Output only the entries, exactly as given, without the pictures.

* INPUT DATA:
◆ ◆ ◆ ◆ ◆ ◆ ◆

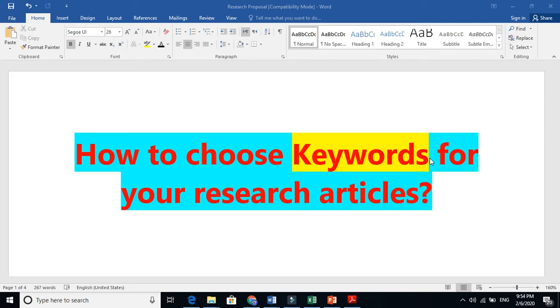Because when you use the same word in the keywords and when you are using that word in the abstract, then why does Scopus have these different categories? That Scopus will search that word for you in the keywords, or in the abstract, or in the title.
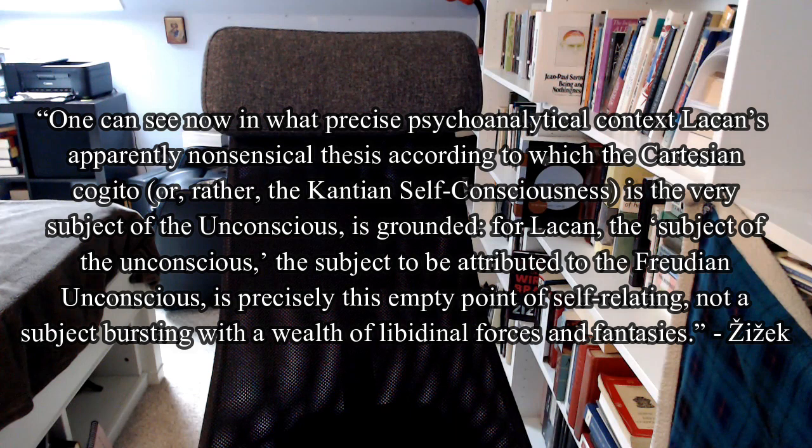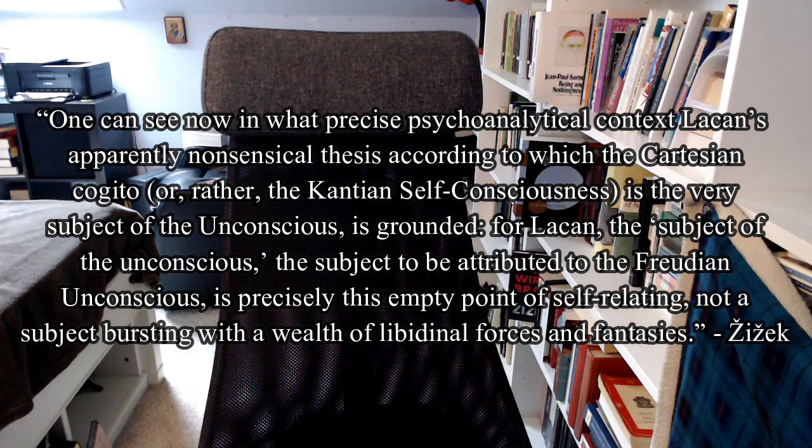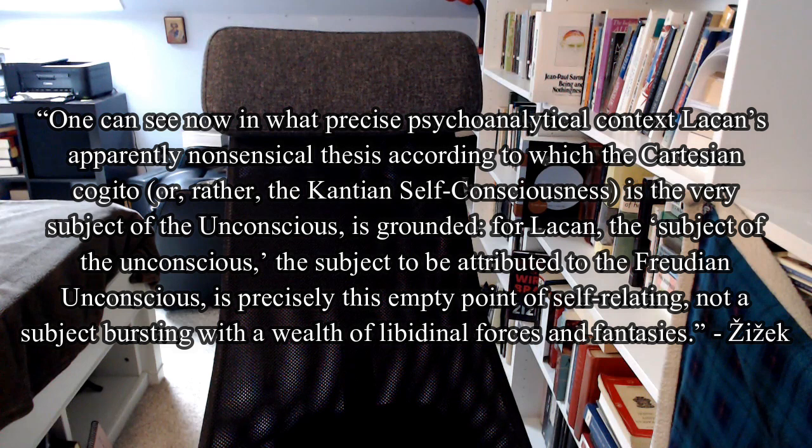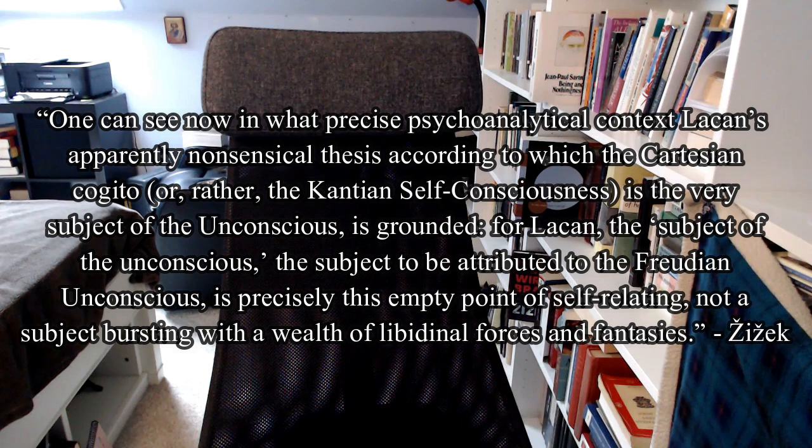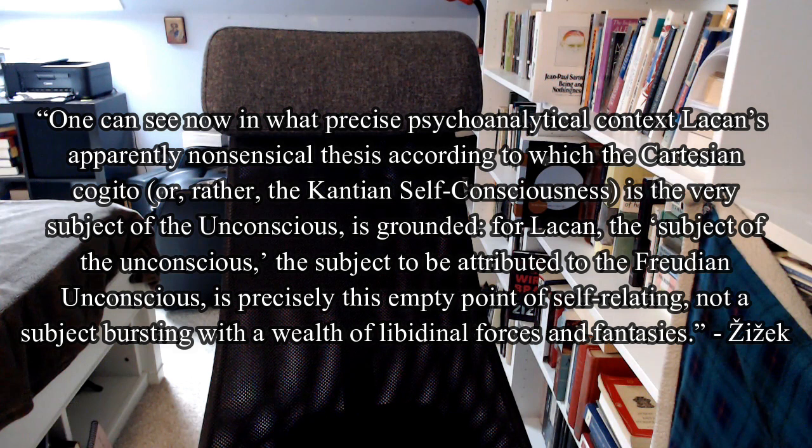in what precise psychoanalytical context, Lacan's apparently nonsensical thesis, according to which the Cartesian cogito is the very subject of the unconscious, is grounded. For Lacan, the subject of the unconscious, the subject to be attributed to the Freudian unconscious, is precisely this empty point of self-relating, not a subject bursting with a wealth of libidinal forces and fantasies.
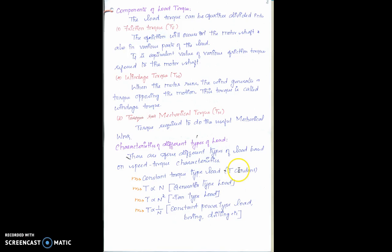In constant torque load, whatever the speed varies, the torque remains constant, and we choose motors accordingly for such applications. In generator type load, if speed varies, torque varies proportionally — if mechanical input varies, the electrical output varies automatically, which is why it is called generator type load. Torque directly proportional to n-squared is called fan type load; minimum current given to the induction motor gives maximum speed rotation in the rotor.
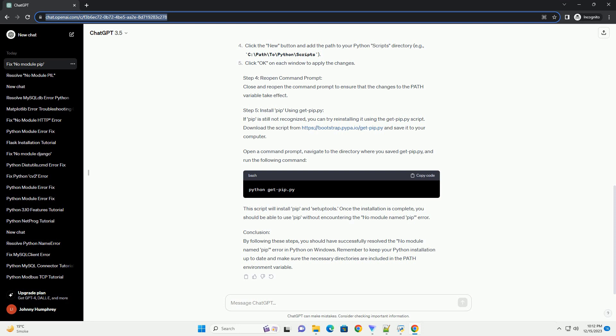Conclusion: By following these steps, you should have successfully resolved the 'No Module Named PIP' error in Python on Windows. Remember to keep your Python installation up to date and make sure the necessary directories are included in the PATH environment variable.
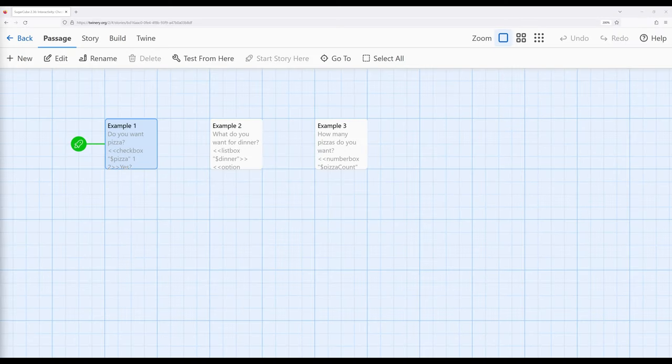Welcome to a tutorial video on Twine 2.6. In this video, I'm going to continue our discussion about interactivity in Sugarcube 2.36 by discussing the checkbox, listbox, and numberbox macros.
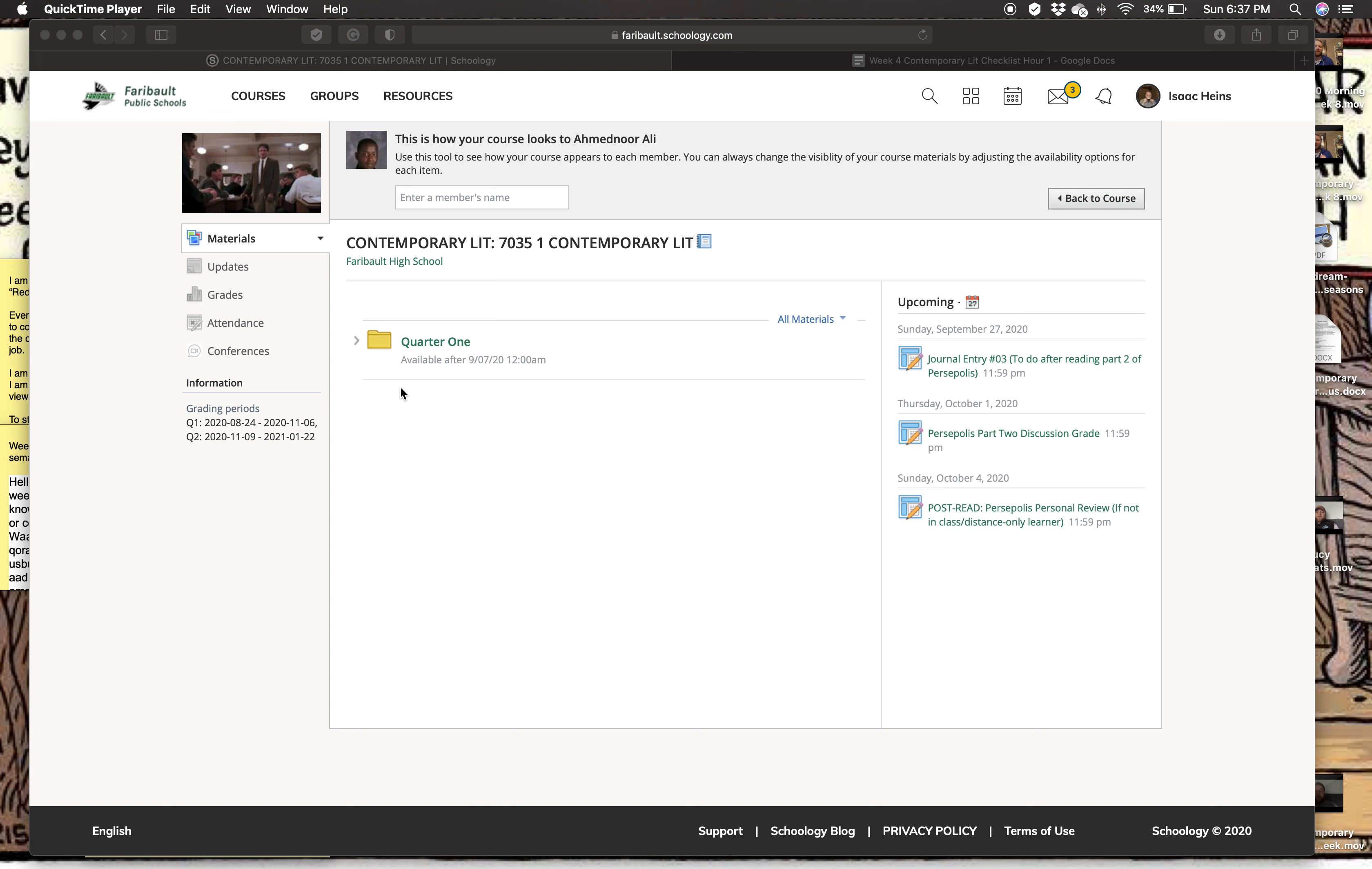Hey everyone, you already know who it is. It's Mr. Hines and welcome to week four of Contemporary Literature. This week I figured I'd try to make things a little bit easier by giving you a week at a glance video.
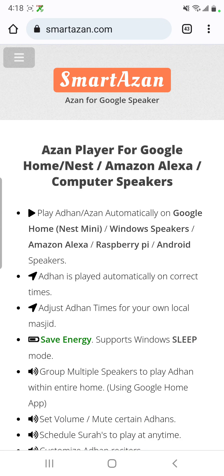Assalamu alaikum guys, finally I'm back with another video. This time I will show you, as promised, how to install SmartAzan on Android phones. This way you don't need to have a computer or Raspberry Pi — just install the app on your phone and it should be all set.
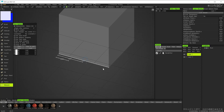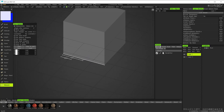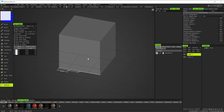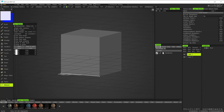So that's a quick look at using measurements and understanding scale between two applications when using an app link. This will put us in good stead for the next tutorial where we'll build something a little more complicated than a cube, at a scale we can understand as we jump back and forth between Blender. Thanks for watching and I'll see you in the next video.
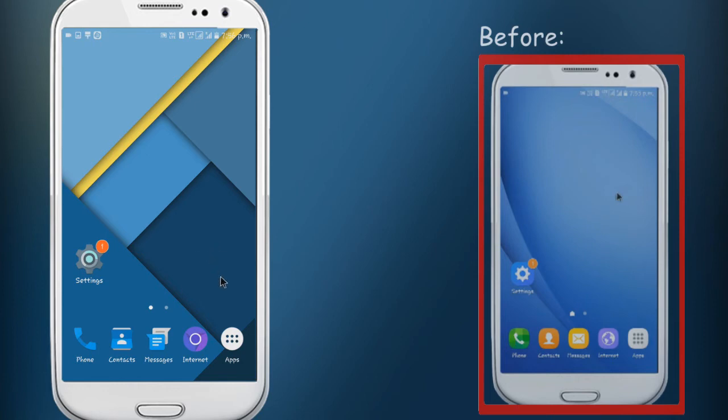So now the Samsung UI has changed to stock Android without any root or third party launchers.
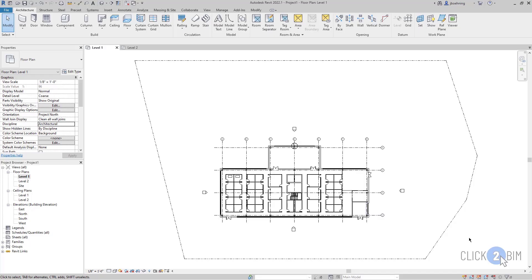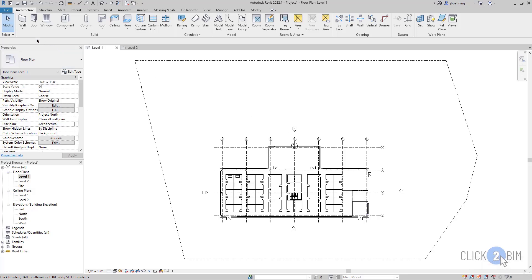If you cannot select an element, you should check the selection settings. These settings can be controlled in the lower right corner, as well as by expanding the Select panel on any of the ribbons.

◆ ◆ ◆ ◆ ◆ ◆ ◆

* ANSWER TO THIS TASK:
Because when you use the same word in the keywords and when you are using that word in the abstract, then why does Scopus have these different categories? That Scopus will search that word for you in the keywords, or in the abstract, or in the title.
in what precise psychoanalytical context, Lacan's apparently nonsensical thesis, according to which the Cartesian cogito is the very subject of the unconscious, is grounded. For Lacan, the subject of the unconscious, the subject to be attributed to the Freudian unconscious, is precisely this empty point of self-relating, not a subject bursting with a wealth of libidinal forces and fantasies.
In constant torque load, whatever the speed varies, the torque remains constant, and we choose motors accordingly for such applications. In generator type load, if speed varies, torque varies proportionally — if mechanical input varies, the electrical output varies automatically, which is why it is called generator type load. Torque directly proportional to n-squared is called fan type load; minimum current given to the induction motor gives maximum speed rotation in the rotor.
Conclusion: By following these steps, you should have successfully resolved the 'No Module Named PIP' error in Python on Windows. Remember to keep your Python installation up to date and make sure the necessary directories are included in the PATH environment variable.
Welcome to a tutorial video on Twine 2.6. In this video, I'm going to continue our discussion about interactivity in Sugarcube 2.36 by discussing the checkbox, listbox, and numberbox macros.
Hey everyone, you already know who it is. It's Mr. Hines and welcome to week four of Contemporary Literature. This week I figured I'd try to make things a little bit easier by giving you a week at a glance video.
Assalamu alaikum guys, finally I'm back with another video. This time I will show you, as promised, how to install SmartAzan on Android phones. This way you don't need to have a computer or Raspberry Pi — just install the app on your phone and it should be all set.
So that's a quick look at using measurements and understanding scale between two applications when using an app link. This will put us in good stead for the next tutorial where we'll build something a little more complicated than a cube, at a scale we can understand as we jump back and forth between Blender. Thanks for watching and I'll see you in the next video.
So now the Samsung UI has changed to stock Android without any root or third party launchers.
If you cannot select an element, you should check the selection settings. These settings can be controlled in the lower right corner, as well as by expanding the Select panel on any of the ribbons.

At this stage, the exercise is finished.